In Beijing and other metropolises around China, the number of locally born bartenders and bar owners like Zhou who foster a traditionally Western type of entertainment sipping quality drinks in a plush setting is growing.
Tom Pattinson, editor-in-chief of the entertainment guide Time Out Beijing, says the reason the number of lounge bars in the capital, in particular, has soared in the past six years is a combination of China's rising middle class and a more professional, trendier expatriate scene.
"Over the past five years, things have changed a lot," Pattinson said. "Now you have expatriates coming here who have lived and made it in places like Paris, New York, in London and the rising number of wealthy young Chinese."
What's missing, he said, are quality cocktails to match the setting. "You still don't find a lot of great drinks."
For bartenders such as Zhou and Echo Sun Yuan, who thrive on mixing their own concoctions, the opportunity to stand out certainly exists.
Zhou, 24, a native of Anhui Province in Central China, is the co-owner of a bar in the Sanlitun area called Q Bar. He started the venture in June with Sun, a Hunan native, and a German expatriate friend, Ralph Ziegenhorn. But Zhou's first love is not management.
"People ask me why, if I'm an owner, I'm out here mixing cocktails," he said. "It's because that's what I enjoy."
The menu at Q Bar lists a wide range of drinks, including bar specialities and seasonal offerings.
Bars such as the well-established Centro, with renowned bartender Bruce Li, and newcomers such as Face also offer high quality drinks at high prices. Mostly, however, the flood of bars that have come to Sanlitun and Houhai don't offer much beyond a place to sit with a beer, a plate of boiled peanuts, and Cantonese pop music.
Against that background, Zhou and Sun are getting attention for their skills. Q Bar has been written up in a few of the city's entertainment magazines, and Zhou's frozen martini graces the cover of a guide to Sanlitun's bar scene.
Their success, however, has also meant a lifestyle that few of their older family members, or even their peers, understand.
"In Hunan, they don't have so many bars," said Sun, 21. "Bars sell only beer or Scotch, things like that. Nobody knows about Western bars, about their history or what they offer."
When Zhou's mother visited his bar this summer, she liked the look of the place but "didn't have anything to drink," he said. "Just some soda.

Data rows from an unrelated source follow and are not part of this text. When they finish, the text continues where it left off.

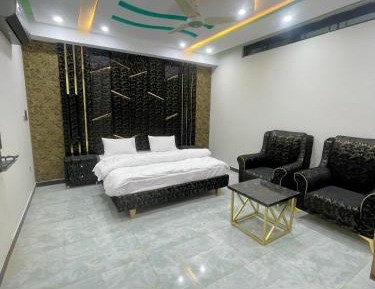 Deluxe Family Suite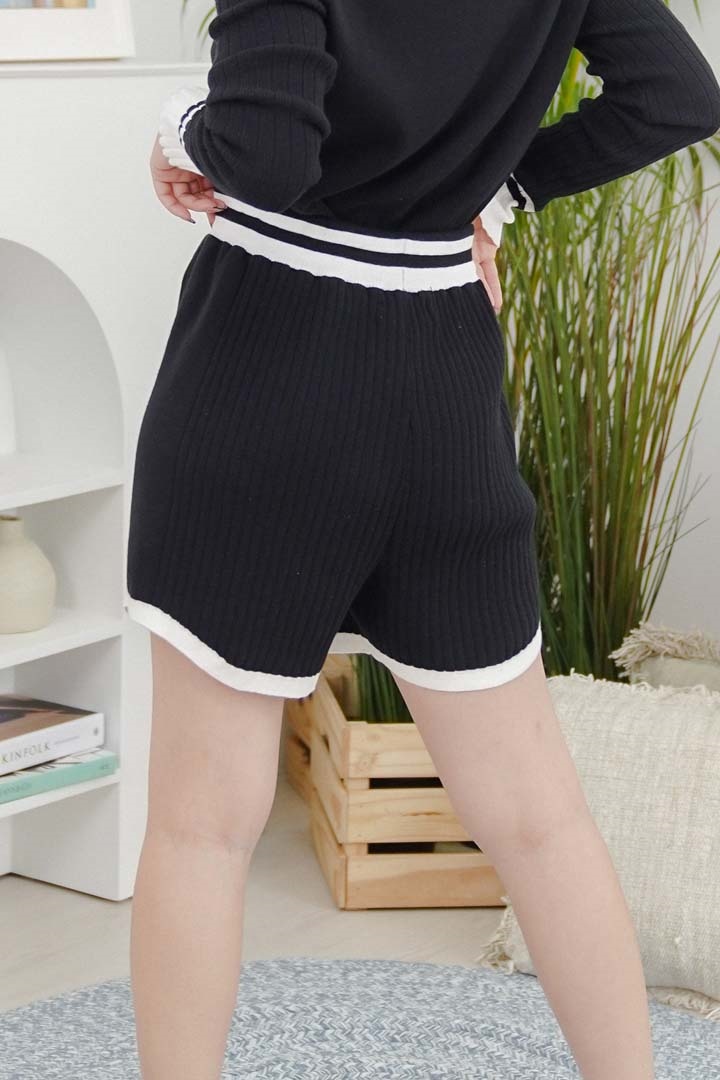 Picture of Aleta Knit Shorts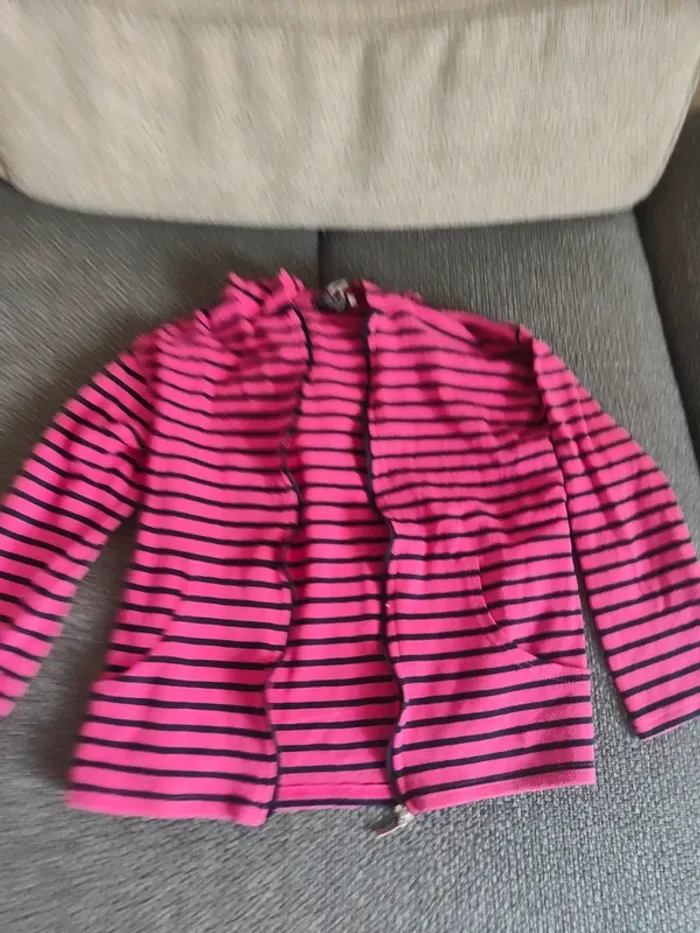 Sweat gilet zippé à capuche rayures rose Les trois dauphins - photo numéro 3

She doesn't like cocktails."
Q Bar's clientele are mostly expatriates or Chinese from Taiwan and Hong Kong. But as bars become more popular among Chinese locals, attitudes are slowly shifting, Sun said.
Burgeoning bar scene
Last year China sold nearly US$5.7 billion in spirits, including brandy, gin and whisky. That number is projected to hit US$6.15 billion by 2010, according to research firm Datamonitor.
The growing bar culture among Chinese will help the country realize that prediction, as will the influx of higher paid, more professional expatriates.
That's quite a change from the late 1990s, when the nightlife in Beijing was dominated by students and businesspeople who drank in hotel bars, editor Pattinson said.
The pluses at that time, he said, were plenty of live music and a "relaxed scene." The main drawback was poor service. Few places could match bars and clubs in cities such as Shanghai and New York.
A turning point occurred when entrepreneur Henry Li opened Neo Lounge in north Sanlitun in November 2001. "It was the first decent non-hotel bar in Beijing," Pattinson said. It has since closed.
Lee's offering was quickly copied, and for the first time, it became fashionable for young Chinese professionals to come to lounge bars to have expensive drinks and listen to DJs spinning the music.
Along with these bars came "super-clubs," large venues that packed in the crowds. Some of them, such as Baby Face and Cargo, still thrive, but slightly smaller, more subdued bars and clubs are now the most common.
One such bar is Face, which opened in July. After it became a success in Shanghai, Jakarta and Bangkok, the managers opened one in Beijing because they found a good location and wanted to continue to expand in China, manager Daniel Khoo said.
As with many other bars, they had a slew of local applicants looking to be bartenders or servers. At first, Khoo said, it was hard to find people who could speak English and knew how to serve properly.
"Initially, it was a challenge for me," he said. "But in general they are all decent staff and are willing to learn."
Face, known for its cushy atmosphere, brings people in from Indonesia and Singapore to train the new staff. "They teach them what kind of attitude to have and how to do service," Khoo said.
The employees also learn how to make the bar's drinks, which are a combination of Face specials and traditional cocktails.
Mixologists
The first drink Sun at Q Bar said she ever made was a gin and tonic, and "it didn't turn out so well."
So she got a bartending book and started to learn how to make drinks while working as a waitress. She improved, and eventually she was getting ideas from her clientele.
"Many of our drinks come from the customers," she said. "They tell us what they like, what might make a drink a little better or different."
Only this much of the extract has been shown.